On December 30, the governor of the Central Bank, Mohammad-Reza Farzin, charged that Bonbast, which has been reporting rial free market prices on a real time basis for years, had been set up deliberately to give wrong signals to people trying to buy foreign currency.
The next day, the Iran Times was unable to access the Bonbast website. And it has not been able to access it ever since. The price of the rial on December 30 was 821,000 to the dollar, which was its all-time worst.
No more recent prices have been posted. Farzin said Bonbast is based in the United States, which he said as if that were proof the website is anti-Islamic Republic. Farzin said the website has been creating turmoil and chaos in the free market by announcing fake prices.
He said the Bonbast website “that sets the dollar rate for Iranian exchange shops at 9 a.m. in the morning is registered in America and all its servers are also based in America…. All exchange shops in Iran follow the Bonbast rate.” To the contrary, Bonbast follows the exchange shop rates. The Iran Times does not know when Bonbast was established but has been tracking its posted rates since 2018.

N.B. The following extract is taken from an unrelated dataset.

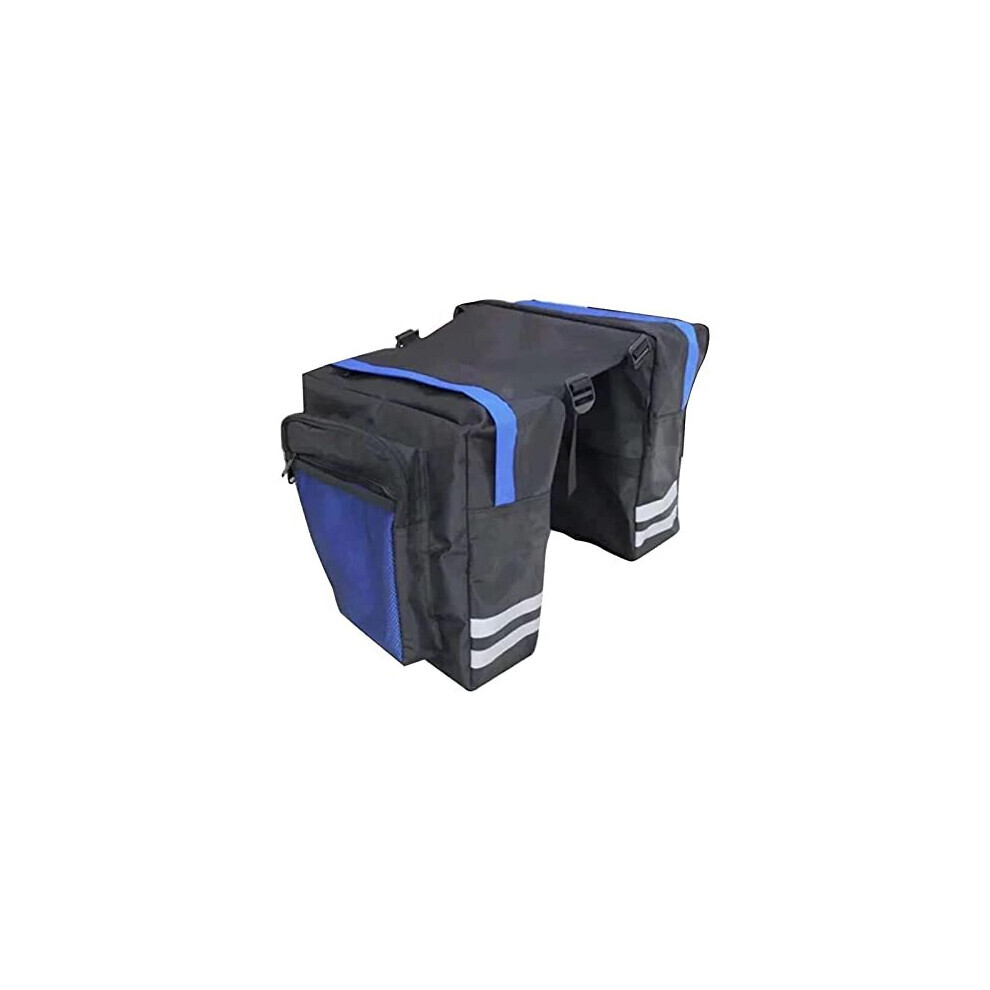 Sacoche Porte-bagages Arrière Vélo 3 En 1 - Capacité 30-35L, Charge Max 49 Kg - Toile Résistante - Bandes Réfléchissantes - Installation Facile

Farzin didn’t explain why the Central Bank had waited so long without complaining if Bonbast had long been posting fake rates. But it was the regime that seemed to be promoting fake rates. Shortly before Farzin spoke out, the Mehr news agency said the US dollar was “crumbling” on the Tehran market. The dollar had sold for 821,000 rials on December 27 and then fell to 803,000 the next day, which the Mehr news agency said meant the dollar was “crumbling.” The next day the price was 821,000 again and Bonbast was then blocked.
On that one day drop in the price, PressTV, the English language outlet of state broadcasting, said the rial had “recovered” for two reasons because the government was pumping more foreign exchange into the market and because the public believed political tensions were easing.
(Farzin said publicly on December 17 that the regime was pumping more foreign exchange into the market.) Bonbast went dark shortly after businessmen in the Central Bazaar in Tehran staged a strike December 29 to protest the outof-control exchange rates. The strike reportedly began with shoe merchants but then swiftly expanded to cover the entire sprawling Bazaar.
The Iran Times saw no reports of violence, but the police presence grew markedly. The Bonbast attack also came just after the government announced on December 28 that it had launched a plan for the gradual elimination of the multitude of exchange rates that the government uses.
First Vice President Mohammad-Reza Aref announced, “The government’s strategy is to achieve a single exchange rate with a gentle slope until we reach a fixed rate.” But there could be no “gentle slope” if the rial kept losing value on the free market at its recent rapid rate. On the 29 days of December before Bonbast was blocked, the free market value of the rial set a new low on 16 days in other words, a new low virtually every other day.
The rial has been halved in value in just two years. It passed 400,000 to the dollar in December 2022 and 800,000 in December 2024. Here is how fast the rial has declined. The following table shows how many weeks it took for the rial to pass each 100,000-mark.
Passed on Weeks 300K 4 Dec 2021 — 400K 22 Dec 2022 55 500K 22 Feb 2023 9 600K 3 Mar 2024 53 700K 21 Nov 2024 38 800K 26 Dec 2024 5 It took a mere five weeks for the rial to drop from 700,000 to the dollar to 800,000 to the dollar a loss of 14 percent in little more than a month.